**Input records**
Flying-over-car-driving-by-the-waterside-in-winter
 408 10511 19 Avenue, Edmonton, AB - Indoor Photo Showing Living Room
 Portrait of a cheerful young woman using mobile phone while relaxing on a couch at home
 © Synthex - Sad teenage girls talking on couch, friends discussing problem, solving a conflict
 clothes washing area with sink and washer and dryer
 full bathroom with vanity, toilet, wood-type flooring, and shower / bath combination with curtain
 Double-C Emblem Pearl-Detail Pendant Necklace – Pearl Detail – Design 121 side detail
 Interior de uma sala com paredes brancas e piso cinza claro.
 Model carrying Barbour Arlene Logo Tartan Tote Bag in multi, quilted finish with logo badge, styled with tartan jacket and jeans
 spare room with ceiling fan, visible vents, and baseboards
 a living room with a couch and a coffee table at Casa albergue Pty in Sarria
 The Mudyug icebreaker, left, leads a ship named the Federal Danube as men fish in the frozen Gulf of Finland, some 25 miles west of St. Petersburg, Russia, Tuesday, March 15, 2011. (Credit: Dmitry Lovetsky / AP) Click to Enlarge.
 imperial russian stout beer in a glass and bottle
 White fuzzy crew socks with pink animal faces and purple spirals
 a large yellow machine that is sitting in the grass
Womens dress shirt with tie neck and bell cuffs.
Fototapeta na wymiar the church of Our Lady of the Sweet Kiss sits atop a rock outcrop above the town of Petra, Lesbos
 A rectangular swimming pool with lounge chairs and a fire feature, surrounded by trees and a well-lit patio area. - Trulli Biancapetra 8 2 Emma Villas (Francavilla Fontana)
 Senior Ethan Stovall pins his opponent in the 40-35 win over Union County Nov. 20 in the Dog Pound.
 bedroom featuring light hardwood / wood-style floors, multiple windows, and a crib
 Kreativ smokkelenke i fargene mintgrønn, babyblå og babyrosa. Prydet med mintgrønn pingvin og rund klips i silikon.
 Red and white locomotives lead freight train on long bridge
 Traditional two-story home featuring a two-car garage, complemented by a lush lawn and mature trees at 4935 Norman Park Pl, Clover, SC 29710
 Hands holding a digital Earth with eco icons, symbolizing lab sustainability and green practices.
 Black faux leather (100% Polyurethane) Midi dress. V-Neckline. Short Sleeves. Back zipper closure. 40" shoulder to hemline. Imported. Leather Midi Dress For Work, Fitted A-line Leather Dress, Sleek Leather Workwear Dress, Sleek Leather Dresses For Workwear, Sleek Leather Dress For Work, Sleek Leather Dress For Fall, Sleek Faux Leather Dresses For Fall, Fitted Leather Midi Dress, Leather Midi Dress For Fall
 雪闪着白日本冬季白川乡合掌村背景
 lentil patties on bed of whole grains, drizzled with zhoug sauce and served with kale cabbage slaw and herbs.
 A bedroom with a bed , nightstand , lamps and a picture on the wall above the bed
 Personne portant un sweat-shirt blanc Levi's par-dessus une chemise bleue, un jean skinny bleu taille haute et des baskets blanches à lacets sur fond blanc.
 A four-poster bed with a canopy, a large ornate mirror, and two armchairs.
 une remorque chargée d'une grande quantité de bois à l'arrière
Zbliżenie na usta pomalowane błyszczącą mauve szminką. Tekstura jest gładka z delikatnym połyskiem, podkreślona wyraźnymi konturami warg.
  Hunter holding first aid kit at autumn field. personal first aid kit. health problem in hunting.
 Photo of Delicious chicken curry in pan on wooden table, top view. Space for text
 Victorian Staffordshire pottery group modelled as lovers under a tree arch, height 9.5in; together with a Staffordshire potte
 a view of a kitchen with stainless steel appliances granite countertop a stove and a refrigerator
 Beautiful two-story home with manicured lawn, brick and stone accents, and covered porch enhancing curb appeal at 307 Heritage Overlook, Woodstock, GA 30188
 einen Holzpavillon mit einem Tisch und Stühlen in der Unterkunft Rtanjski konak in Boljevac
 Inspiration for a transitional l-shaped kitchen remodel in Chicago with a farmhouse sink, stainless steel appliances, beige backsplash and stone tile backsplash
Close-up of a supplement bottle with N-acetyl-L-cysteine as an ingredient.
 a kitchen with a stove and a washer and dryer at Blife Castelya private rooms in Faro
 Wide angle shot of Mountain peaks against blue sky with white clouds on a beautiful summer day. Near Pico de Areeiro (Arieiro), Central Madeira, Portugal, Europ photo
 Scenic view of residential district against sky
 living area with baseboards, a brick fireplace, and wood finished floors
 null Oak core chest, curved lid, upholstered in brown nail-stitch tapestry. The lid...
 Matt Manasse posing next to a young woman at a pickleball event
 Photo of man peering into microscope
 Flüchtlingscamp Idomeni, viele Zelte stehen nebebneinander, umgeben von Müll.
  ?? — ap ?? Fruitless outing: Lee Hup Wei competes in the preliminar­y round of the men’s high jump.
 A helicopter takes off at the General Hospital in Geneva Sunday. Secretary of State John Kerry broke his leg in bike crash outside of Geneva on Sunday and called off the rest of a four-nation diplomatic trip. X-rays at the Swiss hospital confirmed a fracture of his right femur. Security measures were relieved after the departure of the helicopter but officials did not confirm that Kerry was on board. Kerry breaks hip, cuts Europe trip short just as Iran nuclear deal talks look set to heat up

**Your instructions**
The lines above, from the start of the records through the one containing "Portrait of a", are to be printed exactly, and nothing else is to be included.

**Answer space**
Flying-over-car-driving-by-the-waterside-in-winter
 408 10511 19 Avenue, Edmonton, AB - Indoor Photo Showing Living Room
 Portrait of a cheerful young woman using mobile phone while relaxing on a couch at home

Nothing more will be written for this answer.